(Excerpted records begins)

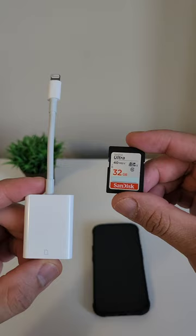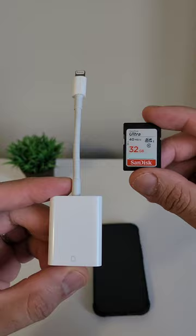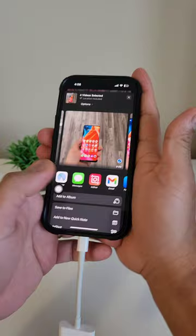Instead, buy a Lightning to SD Card Adapter for $19. You can use your existing SD Card or buy a larger capacity. It won't cost that much.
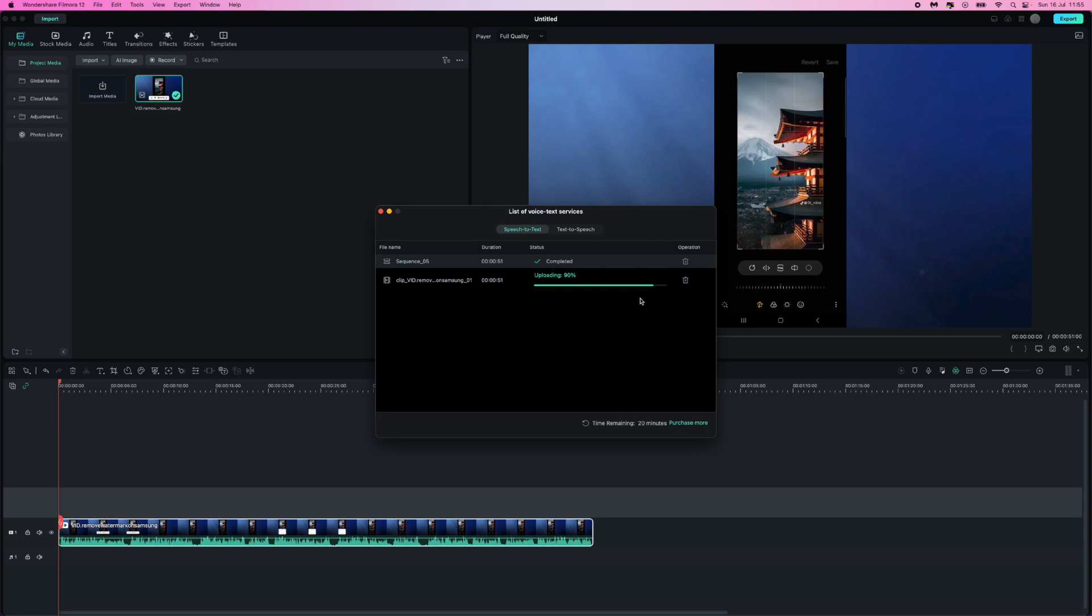This will then transcode and upload your text. This should only take a couple of minutes and then once this has finished your text should appear on your timeline.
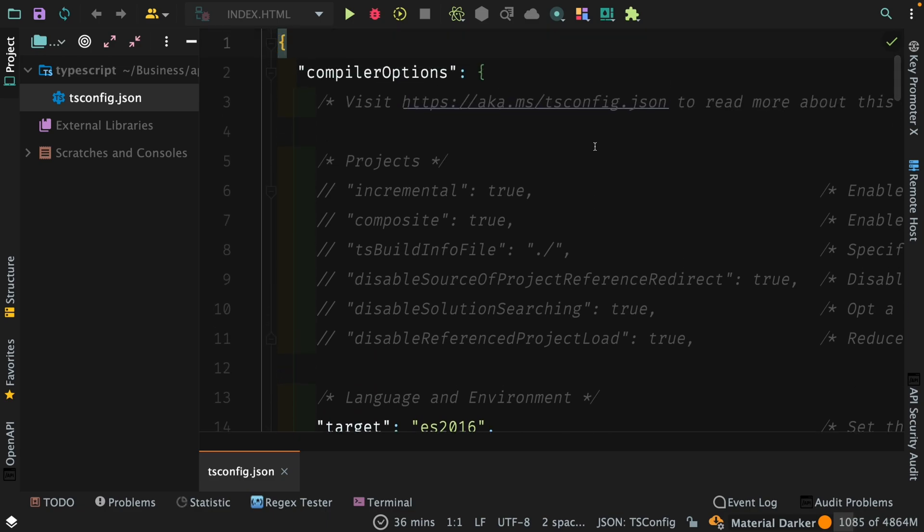So that's pretty much it. We have TypeScript installed. We have the tsconfig.json file within our TypeScript directory and we can start writing some TypeScript. I'm going to see you in the next video.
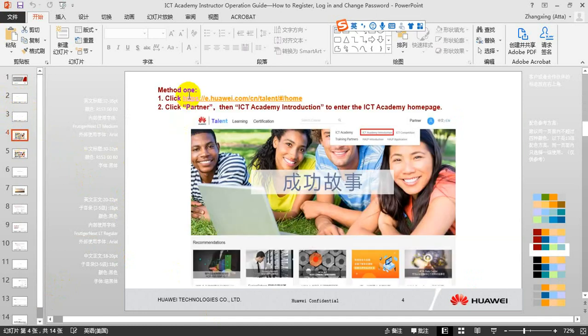There are two methods to go to this homepage. First, we have to click this link.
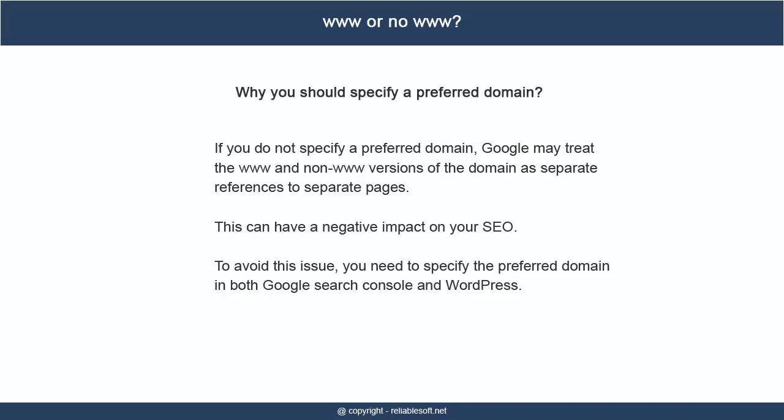To avoid this issue, you need to specify the preferred domain in both Google Search Console and WordPress.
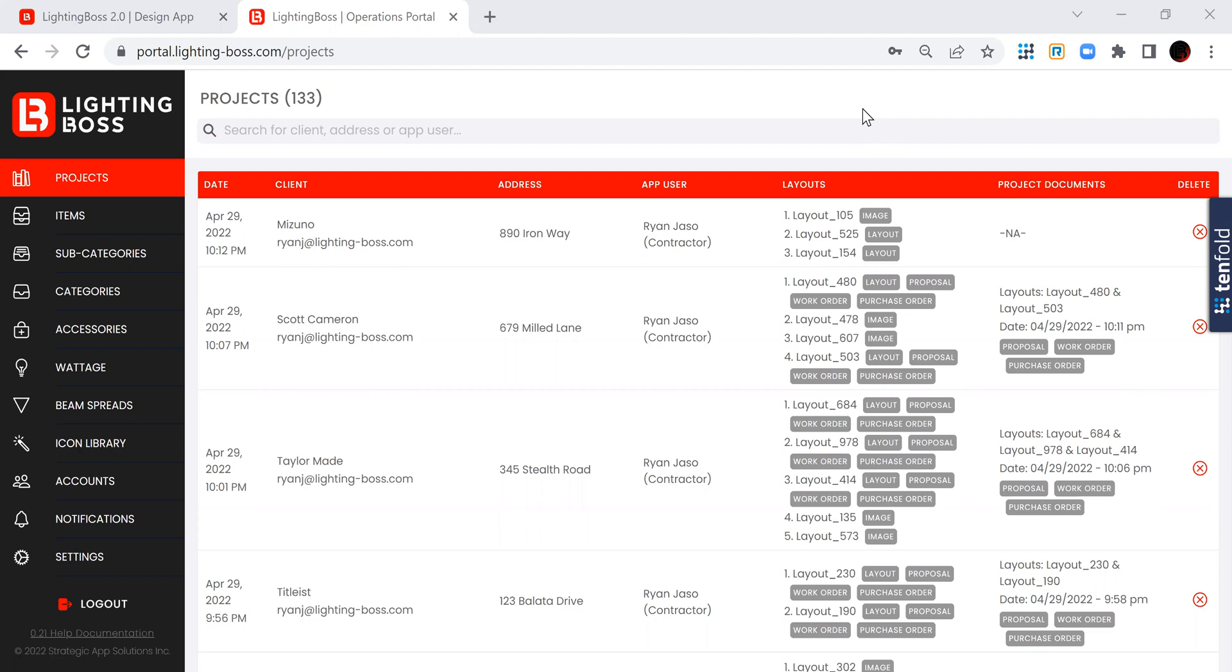In the pro version, you guys, the designer, dictate the products and the pricing that go in there.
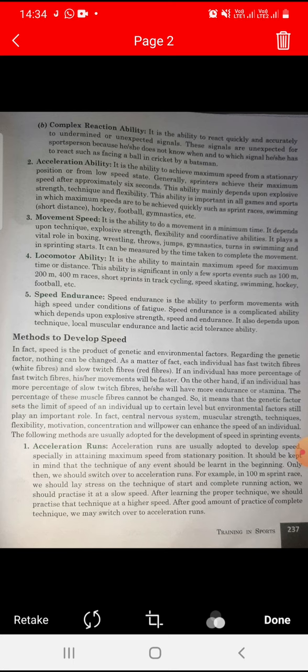Next is acceleration run. Acceleration runs are usually adopted to develop speed, especially in attaining maximum speed from a stationary position.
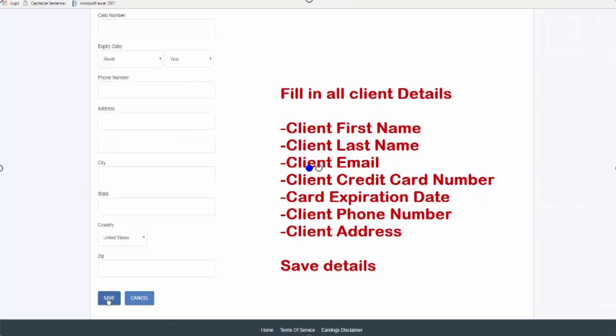So that wraps up this tutorial on getting your payment gateway set up, and the following tutorial will show you how to connect invoices.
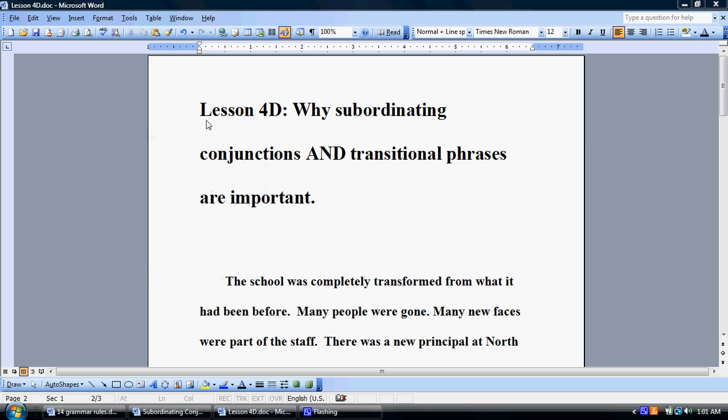In the previous lesson on subordinating conjunctions, subordinate clauses, commas, and all of that, I had established that subordinate clauses were really, really important to show complex thinking, and moreover to show relationships between ideas.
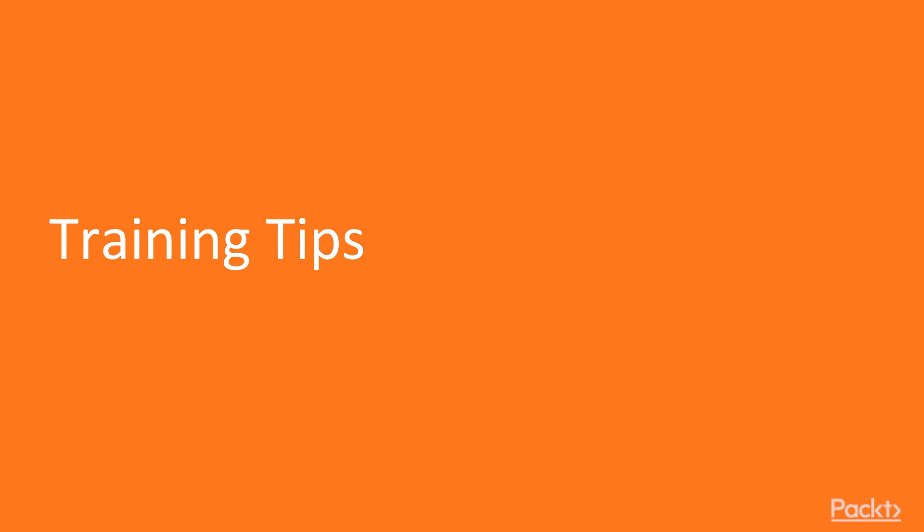Welcome to our video on training tips. Today we'll be going over various TensorFlow utilities and practices related to training your models.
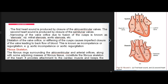The first heart sound is produced by closure of the atrioventricular valves; the second heart sound by closure of the semilunar valves. Narrowing of the valve orifice due to fusion of cusps is known as stenosis (e.g., mitral stenosis, aortic stenosis). Dilatation or stiffening of cusps causes imperfect closure, known as incompetence or regurgitation (e.g., aortic incompetence).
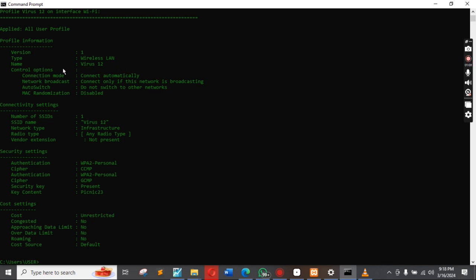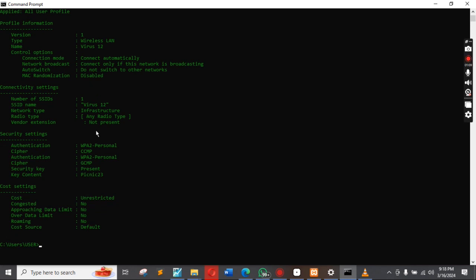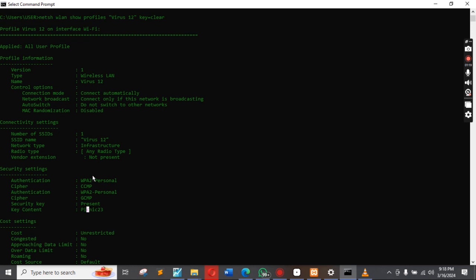This is where you find the password. The security key contents — this is the password for the person that has it. This is the password.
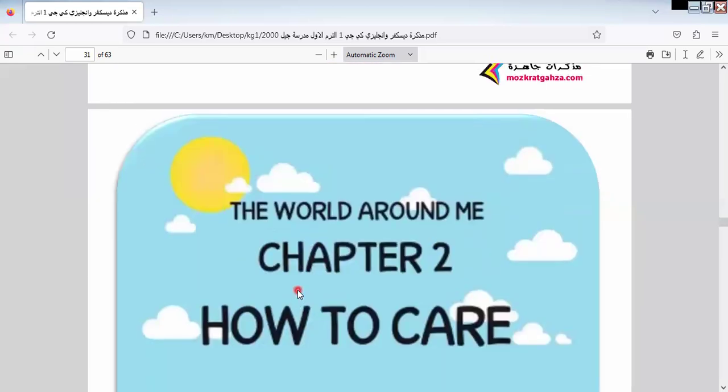Today we finished chapter one. Next class I will start chapter two. Thanks a lot. Thank you again. Goodbye. Bye.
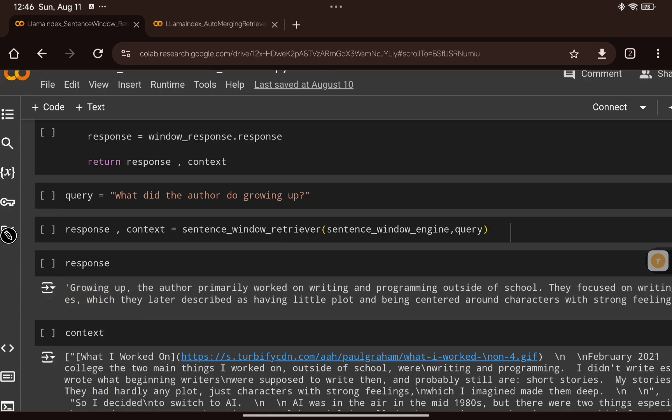That's how you can use the sentence window retriever. In the next video I'll talk about auto-merging retrieval — how it works visually and the code implementation. I hope you liked this content, thank you for your time, see you in the next video.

(Excerpted records ends)

Brief:
Set down again, word for word, every line from the one with "Next is acceleration" to the one with "In the previous" in the entries above, and omit the pictures.

Solution:
Next is acceleration run. Acceleration runs are usually adopted to develop speed, especially in attaining maximum speed from a stationary position.
So that wraps up this tutorial on getting your payment gateway set up, and the following tutorial will show you how to connect invoices.
In the previous lesson on subordinating conjunctions, subordinate clauses, commas, and all of that, I had established that subordinate clauses were really, really important to show complex thinking, and moreover to show relationships between ideas.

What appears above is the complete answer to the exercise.